11.1. Save where the buyer collects the goods from the seller’s premises (in which case delivery shall take place at the sellers premises) delivery shall take place at the buyer’s premises or such other actual location of which the buyer shall have previously notified the seller in writing.
11.2. the seller will endeavour to complete on any delivery dates stipulated, but such dates are only estimated and the seller but will not be liable for any loss, damage, injury, penalty, claim or any other matter of whatsoever nature arising from any delay in delivery time for delivery shall not be of the essence of the contract.
11.3. The seller shall be entitled to deliver goods by instalments. Where the goods are to be delivered in instalments, each delivery shall constitute a separate contract and failure by the seller to deliver any one or more of the instalments in accordance with these conditions or any claim by the buyer in respect in anyone or more instalments shall not entitle the buyer to treat the contract as a whole as repudiated.
11.4. The seller reserves the right to withhold delivery of goods to the buyer at any time when the buyer is exceeding or upon delivery would exceed any credit limit with the seller either in relation to such goods specified or otherwise.
11.5. A delivery or collection note signed by or on behalf of goods to the Buyer or of the buyers customer or the duly authorize agent either of them is deemed to be absolute evidence of delivery or collection of the goods specified therein.
12.1. Where the unloading of goods is for any reason delayed the buyer shall indemnify the seller in respect of any loss or damage which it may sustain in consequence thereof.
13. Storage Charges
13.1. If the buyer fails to take delivery of the goods or fails to give the seller adequate delivery instructions at the time stated for delivery (otherwise than by reason of the sellers fault) then, without prejudice to any other right or remedy available to the seller. The seller may:-
13.1.1. Store the goods until accurate delivery and charge the buyer for the reasonable costs (including insurance) of storage; or
13.1.2. Sell the goods at the best price readily obtainable and (after deducting all reasonable storage and selling expenses) account to the buyer for the excess over the price under the contract or charge by the buyer for any shortfall below the price under the contract.
14. Claims and Damages
14.1. The buyer shall upon delivery examine the goods and shall promptly (but in any event within fourteen working days of delivery) notify the seller in writing of any apparent damage, defect or shortage.
14.2. In default of the written notification referred to in clause 14.1 the seller shall be deemed conclusively to have properly performed its obligations under the contract.
14.3. The seller shall not be liable for any loss or damage of whatsoever nature or to whomsoever caused arising out of the use or the supply of the goods supplied by it hereunder notwithstanding that the same may be due to negligence on the part of the sellers employees or agents or to any defect inherent, latent or otherwise which may be or which may subsequently develop in products, goods or materials supplied by the seller or otherwise howsoever arising.

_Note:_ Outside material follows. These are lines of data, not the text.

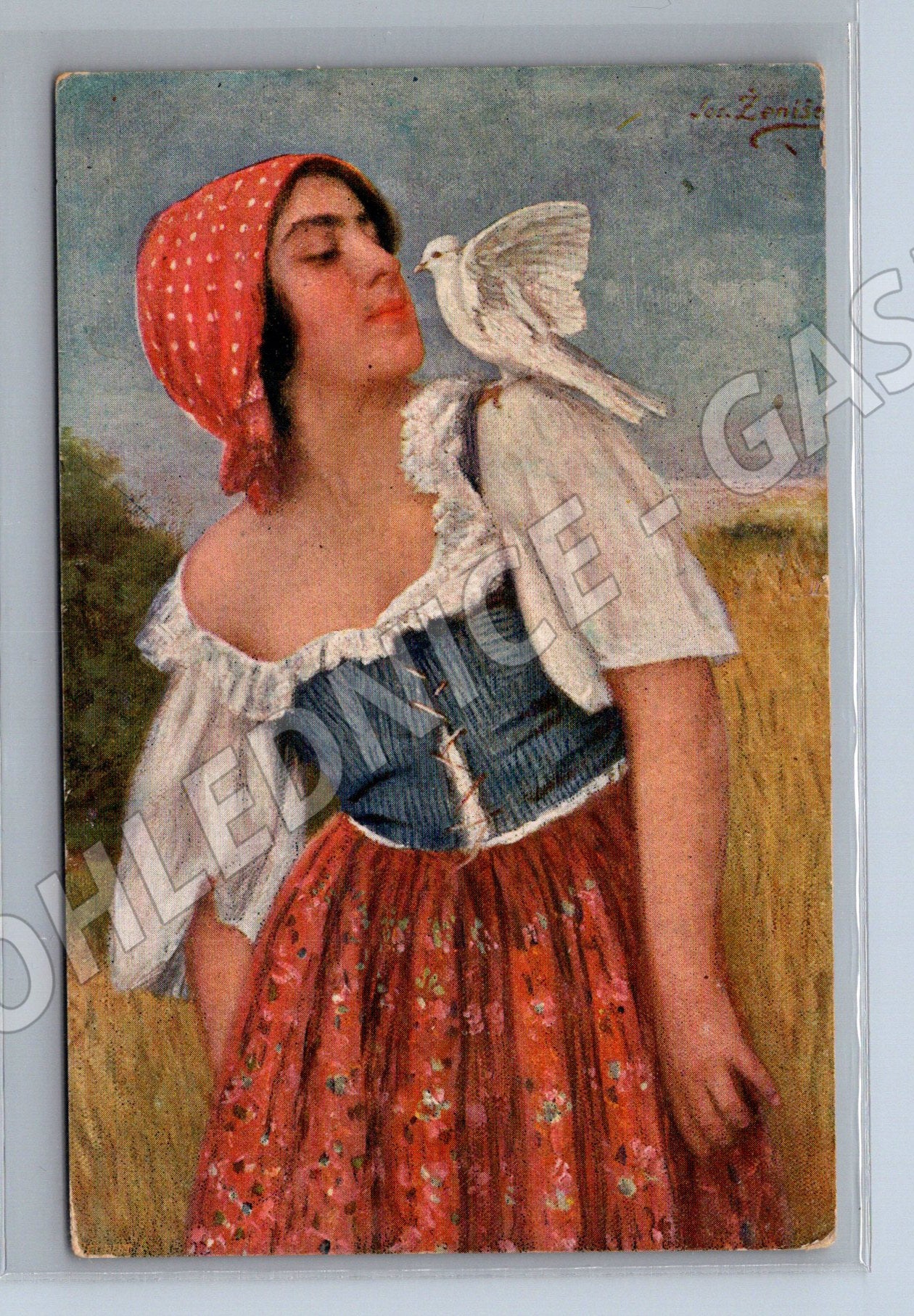 Postcard woman in traditional costume with a dove J Ženíšek (M8938)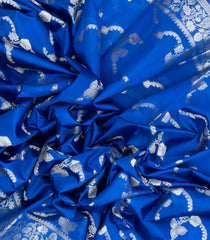 Blue Woven Dupion Silk Saree With Floral Buttas-DS0514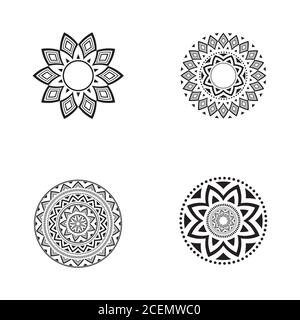 Motif circulaire en forme de mandala pour Henna, Mehndi, tatouage, décoration. Décoration décorative Illustration de Vecteur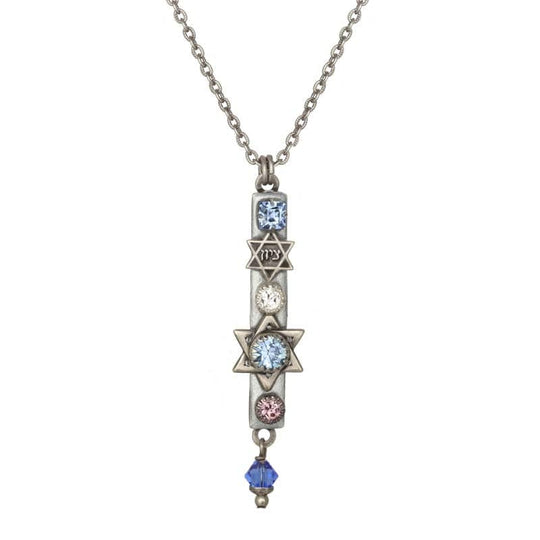 Ice Crystals Mezuzah Necklace by Michal Golan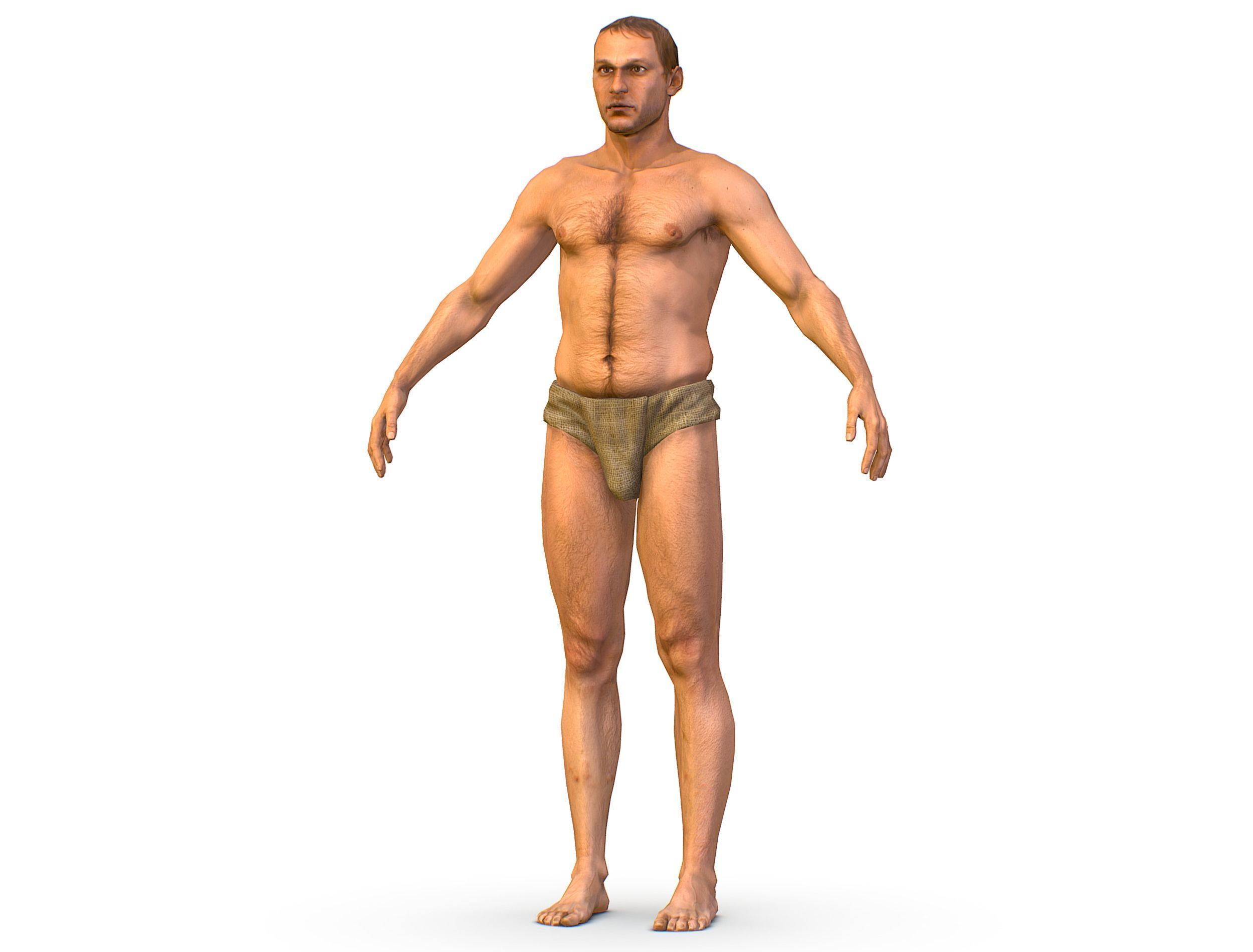 Low Poly model Base Man Character Body Low-poly 3D model_1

14.4. The seller shall not be liable or help responsible for any damages, costs, charges or expenses awarded against or any liabilities incurred by the buyer arising out of any infringement of any patent belonging to third parties.
14.5. In the event of a claim, settlement will be limited to the value of the goods defectively processed and will I no way extend to consequential loss howsoever caused.
14.6. All goods must be stored by the buyer in suitable conditions and the seller will not be liable to the buyer for any defects brought about by the buyer storing the goods in unsuitable conditions.
14.7. Goods supplied to the buyer may not be returned without the seller’s written consent. The seller reserves the right to refuse goods so returned.
15. Title and Risk
15.1. The risk with goods shall pass to the buyer on delivery and the buyer should insure the goods accordingly.
15.2. Notwithstanding the delivery and passing of risk in the goods or any other provision of these conditions, the legal and beneficial property and title in the goods shall remain in the seller and shall not pass to the buyer until the full purchase price of all the goods comprised in the contract has been paid to the seller either by way of cash or cleared funds.
15.3. So long as the property in the goods remains vested in the seller the buyer shall keep the goods as the sellers fiduciary agent and bailee and shall insofar as may be possible store them in such a way that they are identifiable as the property of the seller and separate from all other goods in the buyers possession.
15.4. The buyer until otherwise notified in writing by the seller or on the happening of any of the specified events may, in the ordinary course of business, sell the goods and pass property in them (“the sale”) subject to the terms.
15.5. The terms are that until all monies owing under the contract have been paid in full by the buyer to the seller.
15.5.1. If any goods to which title is retained by the seller under these conditions are sold or represented to be sold by the buyer then the buyer shall hold the proceeds of the sale on trust absolutely for the seller in a separate bank account from the buyers normal trading accounts shall pay there from to the seller with or without demand by the seller such monies as are necessary to discharge the buyers current liability to the seller.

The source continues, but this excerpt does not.